_WORK REQUIRED_: In the records below, begin at the line containing "A white fabric" and end at the line containing "SAN ANTONIO - MAY"; quote every line in that span exactly, including both boundary lines, and no others.
☆ ☆ ☆ ☆
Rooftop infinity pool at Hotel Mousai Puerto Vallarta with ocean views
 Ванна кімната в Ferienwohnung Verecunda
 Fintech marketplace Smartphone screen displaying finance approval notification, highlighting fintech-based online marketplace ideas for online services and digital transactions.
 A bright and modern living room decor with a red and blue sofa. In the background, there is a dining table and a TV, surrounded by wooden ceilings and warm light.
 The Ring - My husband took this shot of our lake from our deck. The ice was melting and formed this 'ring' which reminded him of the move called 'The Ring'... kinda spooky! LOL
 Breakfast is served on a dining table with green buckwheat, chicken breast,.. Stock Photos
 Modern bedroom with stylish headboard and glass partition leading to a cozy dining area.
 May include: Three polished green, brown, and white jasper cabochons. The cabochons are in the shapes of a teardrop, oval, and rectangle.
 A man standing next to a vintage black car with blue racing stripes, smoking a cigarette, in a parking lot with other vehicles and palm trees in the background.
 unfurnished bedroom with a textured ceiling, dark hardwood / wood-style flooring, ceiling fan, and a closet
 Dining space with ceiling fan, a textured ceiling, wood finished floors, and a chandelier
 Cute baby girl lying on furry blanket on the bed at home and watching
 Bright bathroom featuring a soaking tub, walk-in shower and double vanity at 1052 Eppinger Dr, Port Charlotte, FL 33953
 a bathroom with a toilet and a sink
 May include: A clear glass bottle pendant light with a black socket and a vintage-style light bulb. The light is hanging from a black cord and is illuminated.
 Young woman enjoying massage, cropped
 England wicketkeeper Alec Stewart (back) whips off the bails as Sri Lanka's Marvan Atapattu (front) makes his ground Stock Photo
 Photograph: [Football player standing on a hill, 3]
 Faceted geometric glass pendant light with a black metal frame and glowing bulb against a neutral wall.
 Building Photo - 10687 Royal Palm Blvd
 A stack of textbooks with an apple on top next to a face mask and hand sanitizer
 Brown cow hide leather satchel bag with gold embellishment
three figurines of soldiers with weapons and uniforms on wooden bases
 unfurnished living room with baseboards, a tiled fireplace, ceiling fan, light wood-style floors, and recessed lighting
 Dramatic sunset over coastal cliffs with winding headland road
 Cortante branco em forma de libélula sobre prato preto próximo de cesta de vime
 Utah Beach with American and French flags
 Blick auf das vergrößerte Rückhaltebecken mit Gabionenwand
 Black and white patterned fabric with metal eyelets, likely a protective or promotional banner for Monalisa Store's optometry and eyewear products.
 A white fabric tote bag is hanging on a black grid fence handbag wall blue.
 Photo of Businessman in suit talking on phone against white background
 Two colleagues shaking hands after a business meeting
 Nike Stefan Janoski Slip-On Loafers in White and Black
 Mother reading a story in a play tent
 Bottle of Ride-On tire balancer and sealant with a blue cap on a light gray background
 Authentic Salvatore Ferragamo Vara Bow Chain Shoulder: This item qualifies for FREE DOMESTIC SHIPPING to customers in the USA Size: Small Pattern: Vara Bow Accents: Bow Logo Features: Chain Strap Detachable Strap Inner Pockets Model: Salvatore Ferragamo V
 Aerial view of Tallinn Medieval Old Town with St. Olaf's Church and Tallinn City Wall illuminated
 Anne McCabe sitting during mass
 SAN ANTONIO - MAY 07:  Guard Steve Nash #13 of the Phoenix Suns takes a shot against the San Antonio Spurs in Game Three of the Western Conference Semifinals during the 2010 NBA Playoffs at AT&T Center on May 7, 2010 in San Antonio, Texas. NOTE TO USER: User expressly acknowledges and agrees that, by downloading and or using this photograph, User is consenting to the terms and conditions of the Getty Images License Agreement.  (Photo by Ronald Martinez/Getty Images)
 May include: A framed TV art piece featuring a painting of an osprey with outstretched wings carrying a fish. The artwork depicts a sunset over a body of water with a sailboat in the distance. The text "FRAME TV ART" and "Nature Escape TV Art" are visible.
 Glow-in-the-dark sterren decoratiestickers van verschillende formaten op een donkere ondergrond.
☆ ☆ ☆ ☆
_ANSWER SPACE_:
 A white fabric tote bag is hanging on a black grid fence handbag wall blue.
 Photo of Businessman in suit talking on phone against white background
 Two colleagues shaking hands after a business meeting
 Nike Stefan Janoski Slip-On Loafers in White and Black
 Mother reading a story in a play tent
 Bottle of Ride-On tire balancer and sealant with a blue cap on a light gray background
 Authentic Salvatore Ferragamo Vara Bow Chain Shoulder: This item qualifies for FREE DOMESTIC SHIPPING to customers in the USA Size: Small Pattern: Vara Bow Accents: Bow Logo Features: Chain Strap Detachable Strap Inner Pockets Model: Salvatore Ferragamo V
 Aerial view of Tallinn Medieval Old Town with St. Olaf's Church and Tallinn City Wall illuminated
 Anne McCabe sitting during mass
 SAN ANTONIO - MAY 07:  Guard Steve Nash #13 of the Phoenix Suns takes a shot against the San Antonio Spurs in Game Three of the Western Conference Semifinals during the 2010 NBA Playoffs at AT&T Center on May 7, 2010 in San Antonio, Texas. NOTE TO USER: User expressly acknowledges and agrees that, by downloading and or using this photograph, User is consenting to the terms and conditions of the Getty Images License Agreement.  (Photo by Ronald Martinez/Getty Images)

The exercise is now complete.